BY THE time you read this, the Australian rugby union captain James Horwill will probably have found out whether he’s to be allowed to play in the deciding Test of the Lions series on Saturday.
The International Rugby Board (IRB) poked its nose into the disciplinary process last week when the Wallabies’ skipper was cleared of stamping on Alun Wyn Jones in the first match in Brisbane, thus allowing him to play a truly heroic part in his team’s deserved victory in Melbourne.
It is hard to remember seeing a player so spent of all physical and mental reserves on the final whistle. The image of Horwill, down on his haunches, barely able to summon the energy to celebrate the victory, is the perfect example to set of what giving your all really means.

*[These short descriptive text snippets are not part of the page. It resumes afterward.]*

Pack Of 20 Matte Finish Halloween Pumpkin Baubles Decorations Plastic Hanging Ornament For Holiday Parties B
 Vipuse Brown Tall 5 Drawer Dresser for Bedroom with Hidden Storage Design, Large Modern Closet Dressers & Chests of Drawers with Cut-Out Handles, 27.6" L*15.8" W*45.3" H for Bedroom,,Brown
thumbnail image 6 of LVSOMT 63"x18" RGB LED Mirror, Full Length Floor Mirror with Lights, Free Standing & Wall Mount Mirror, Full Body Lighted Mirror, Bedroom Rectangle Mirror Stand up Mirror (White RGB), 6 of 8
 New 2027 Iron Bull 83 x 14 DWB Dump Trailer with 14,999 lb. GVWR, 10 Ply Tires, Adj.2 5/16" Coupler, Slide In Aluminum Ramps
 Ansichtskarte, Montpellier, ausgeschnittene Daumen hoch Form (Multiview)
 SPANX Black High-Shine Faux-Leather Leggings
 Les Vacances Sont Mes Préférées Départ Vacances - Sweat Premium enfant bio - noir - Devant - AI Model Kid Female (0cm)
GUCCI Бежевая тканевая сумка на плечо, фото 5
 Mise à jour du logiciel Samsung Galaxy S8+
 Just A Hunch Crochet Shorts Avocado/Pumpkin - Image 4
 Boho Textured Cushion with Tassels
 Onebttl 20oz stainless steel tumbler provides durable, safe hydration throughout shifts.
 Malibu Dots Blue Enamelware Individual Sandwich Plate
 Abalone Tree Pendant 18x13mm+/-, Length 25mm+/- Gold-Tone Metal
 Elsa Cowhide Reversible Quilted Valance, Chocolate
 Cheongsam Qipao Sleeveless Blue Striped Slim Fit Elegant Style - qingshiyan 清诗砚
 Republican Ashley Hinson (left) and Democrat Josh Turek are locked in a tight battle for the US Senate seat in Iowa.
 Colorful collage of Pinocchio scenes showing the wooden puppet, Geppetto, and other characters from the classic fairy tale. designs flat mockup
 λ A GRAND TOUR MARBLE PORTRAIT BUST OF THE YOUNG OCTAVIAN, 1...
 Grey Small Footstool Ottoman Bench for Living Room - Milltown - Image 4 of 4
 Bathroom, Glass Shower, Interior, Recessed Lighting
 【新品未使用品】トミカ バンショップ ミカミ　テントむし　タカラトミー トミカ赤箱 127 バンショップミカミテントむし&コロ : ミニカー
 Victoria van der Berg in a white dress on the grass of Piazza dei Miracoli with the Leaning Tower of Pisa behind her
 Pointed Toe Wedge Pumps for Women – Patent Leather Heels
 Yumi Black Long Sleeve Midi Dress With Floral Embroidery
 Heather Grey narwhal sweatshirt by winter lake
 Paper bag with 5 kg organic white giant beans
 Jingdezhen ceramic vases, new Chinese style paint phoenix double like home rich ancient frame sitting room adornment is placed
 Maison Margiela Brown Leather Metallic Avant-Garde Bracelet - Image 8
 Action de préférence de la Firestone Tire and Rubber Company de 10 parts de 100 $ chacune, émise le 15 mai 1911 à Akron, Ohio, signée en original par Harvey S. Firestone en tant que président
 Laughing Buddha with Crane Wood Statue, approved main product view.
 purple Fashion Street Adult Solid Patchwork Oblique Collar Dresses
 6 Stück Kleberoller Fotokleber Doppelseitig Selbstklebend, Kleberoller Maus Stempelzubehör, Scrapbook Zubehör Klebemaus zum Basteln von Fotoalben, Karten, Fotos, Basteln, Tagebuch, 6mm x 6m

Except he shouldn’t have been able to play such a key role. I have yet to talk to anyone who doesn’t think Horwill should have been banned from the rest of the series – a boot on someone’s face is the biggest no- no in the sport – and the outcome of the first hearing was all too reminiscent of the shameful clearing of Tana Umaga for his spear tackle on Brian O’Driscoll on the 2005 Lions tour.
A “homer” as a referee in the heat of battle is one thing, but in a cold light of day disciplinary process quite another. It is to be hoped that the IRB’s intervention has effectively held a gun to the head of the second judicial panel, making it clear how disappointed they would be if Horwill was allowed to play in the finale.
The force is with the Wallabies now, and they looked the only side capable of scoring a try from open play last weekend. But I can’t get the image of Horwill out of my head: broken but triumphant, probably knowing in the back of his mind that the guillotine was awaiting 48 hours later. He must surely be in the stands in Sydney as Leigh Halfpenny lines up a 40m kick to win the series with a minute remaining. Because whether it goes over or not, there are more important things in rugby than the result. And not kicking people in the head is top of that list.